Connecting to the Internet these days has become even more critical but it has also revealed just how wide the digital divide really is in many parts of the world. While many people do have phones, smartphones, or otherwise, not all of them have the capacity to stay online for prolonged periods. That is usually because of the prohibitive costs for using cellular data in some countries and Facebook’s new Discover app and service wants to address that with a serving for free but limited data just for browsing the Web.
As part of its Facebook Connectivity’s Free Basics campaign, Discover aims to get more people online for as long as they can without incurring additional costs.
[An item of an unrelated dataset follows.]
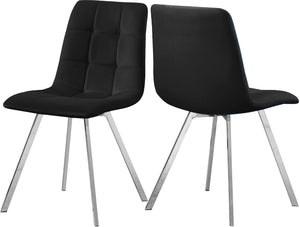 Annie Velvet / Engineered Wood / Metal / Foam Contemporary Black Velvet Dining Chair - 17.75" W x 22" D x 33.25" H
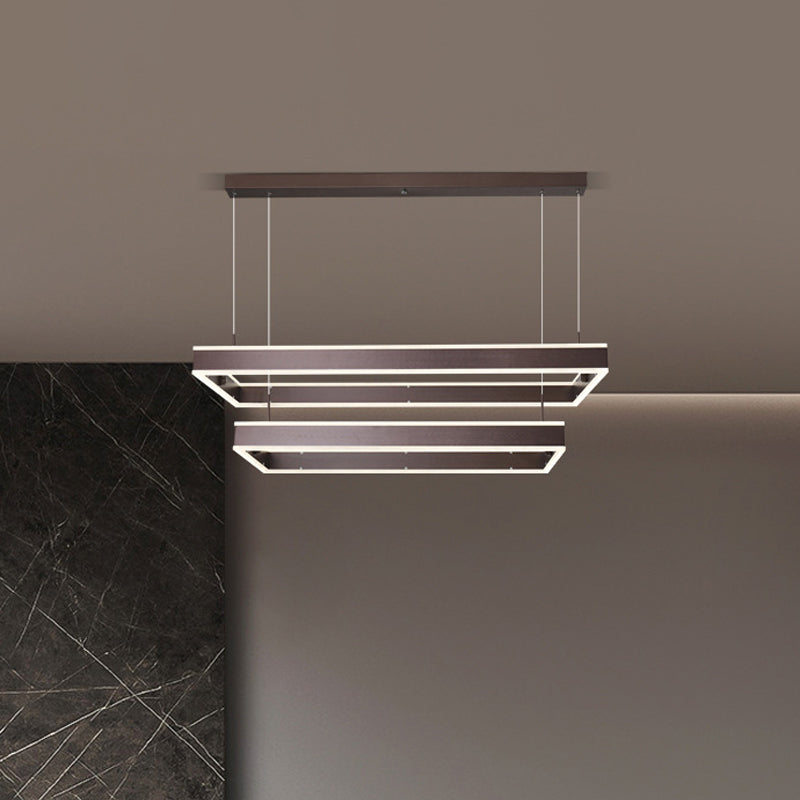 Simplicity LED Hanging Ceiling Light Coffee 2/3/4 Tiered Rectangle Chandelier with Acrylic Shade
That seemingly magical and generous proposition is made possible through Facebook’s partnerships with mobile operators in the countries Discover will be available in. But, as they say, there’s no such thing as free lunch and Discover’s free Web browsing doesn’t exactly come with no strings attached.
It is, of course, only fair that the Web browsing experience will be limited to prevent abuse. Specifically, the websites that people visit using the Android app or Discover’s mobile web version won’t see videos or hear audio, or receive any other data-intensive traffic. If they want those, they can always purchase data from their mobile operator.
Facebook Discover is able to put this kind of limit by using a proxy where all traffic between the phone and the website is routed. This proxy strips away those high-bandwidth parts of the page but it has to also decrypt the page temporarily to do so. Some security and privacy-minded people might be a bit uneasy about that but, as expected, Facebook does make promises.
The social network giant promises that browsing history is not stored in connection with users nor is browsing activity used for advertisement purposes. It doesn’t say outright that it doesn’t collect any data whatsoever but explains that Free Basics and Discover have their own privacy policies. For some people, like those Facebook is targeting Peru, Thailand, the Philippines, and Iraq, that might be a fair price to pay just to get online, further showing how something that many consider an essential part of life is still a luxury for others.